Labour’s Poverty Scandal


…As rich parasites prosper

EVEN LABOUR’S tame backbench MPs were upset when their party’s spin doctors tried to hide from them the cuts they were making in the Health Action Zones (HAZs) budgets.

The HAZs, health programmes for some of Britain’s poorest communities, were already poorly funded. They were meant to be small local measures to combat inequality (see page 5).

But under New Labour, inequality is growing. The Family Policy Studies Centre recently reported that child poverty is still high by post-war and European standards.

Only Russia and the US in the industrialised world have higher child poverty rates.

Their report says that Labour’s New Deal schemes have only helped a small percentage of lone parents while other ‘remedies’ such as the working families’ tax credit have had little effect.
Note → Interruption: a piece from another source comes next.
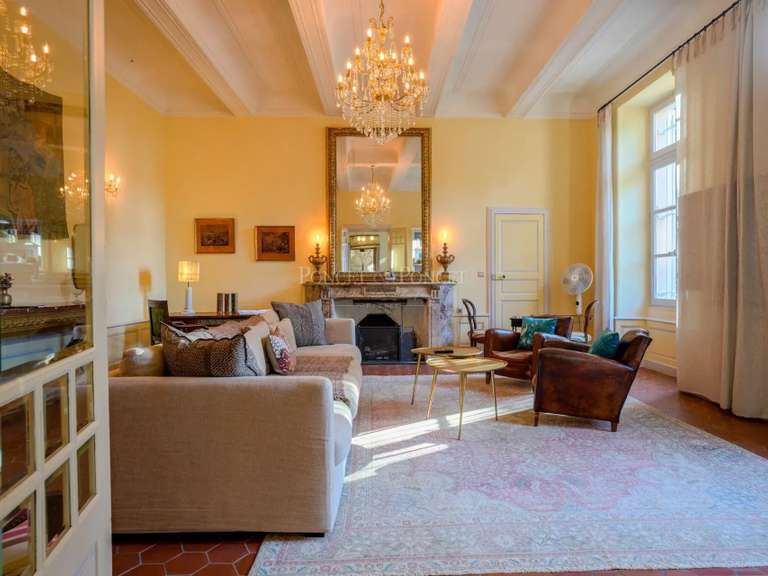 Castle Pézenas - 15 bedrooms - 1450m²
New Labour’s ‘strategy’ for eradicating child poverty without tackling class inequalities just isn’t working. Poor families have gained less from New Labour than middle-income earners – and far less than the seriously rich.

That’s not surprising. Whose interests are New Labour ruling in? Tony Blair made Lord Simpson of Dunkeld a Labour peer before the last election. Simpson has earned £14 million in his four years running Marconi. His firm’s directors are reviewing Marconi’s pay policy because, they say, its top staff aren’t well enough rewarded!
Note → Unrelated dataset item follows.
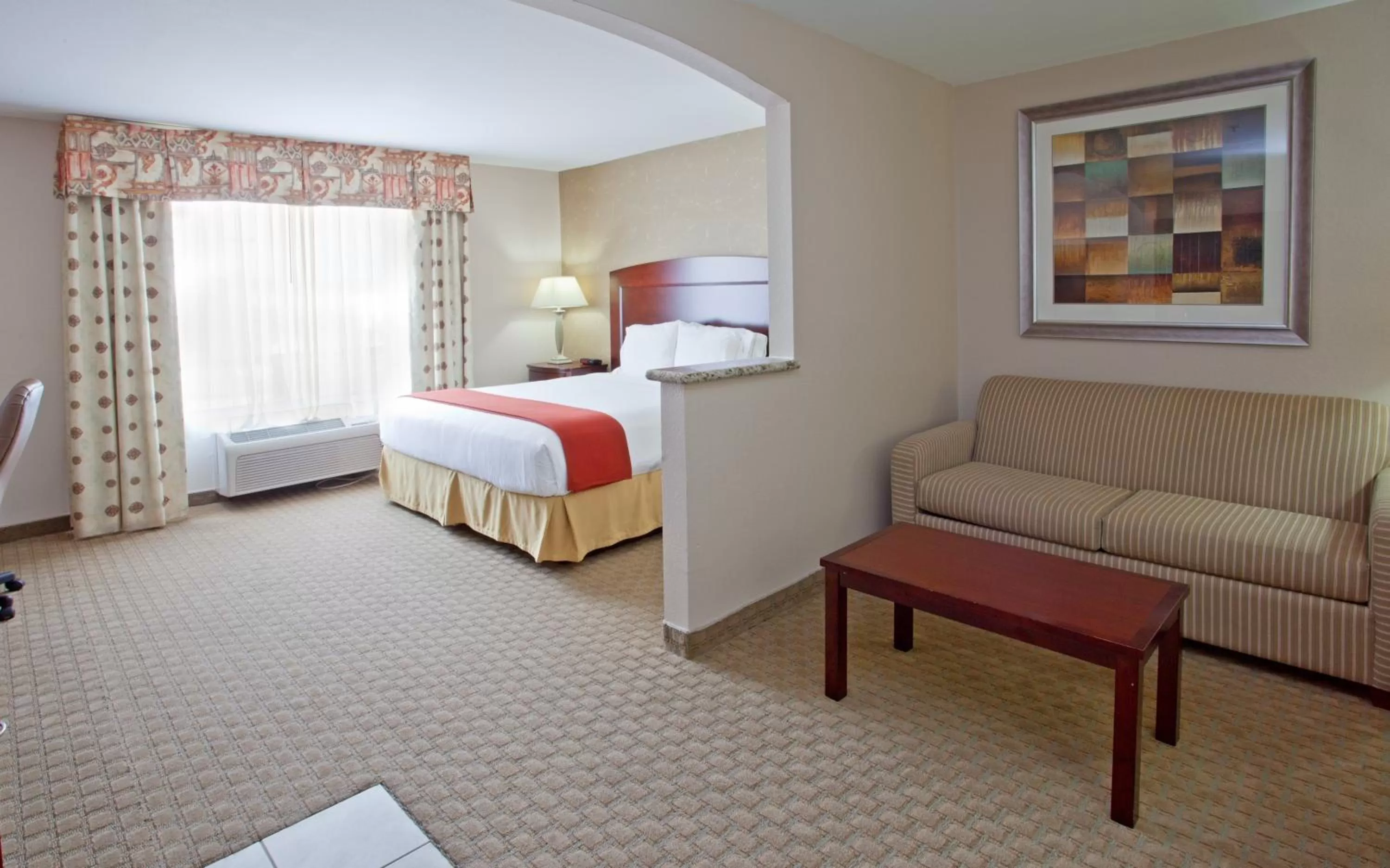 Bedroom, Bed in Holiday Inn Express & Suites College Station by IHG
These parasites’ priorities are New Labour’s priorities too. Blair and Co. will do nothing to offend big business.

The latest United Nations human development report shows that disparities between rich and poor are widening in many countries. There’s a dramatic chasm in Russia but the gulf is widening noticeably in countries like Britain.

We need action to end this gross inequality. Join a real fightback, join the Socialist Party. We’re fighting for a socialist plan of production to benefit the working class and middle-class not the company directors, including a massive increase of public spending in basic services such as health, education, housing and childcare.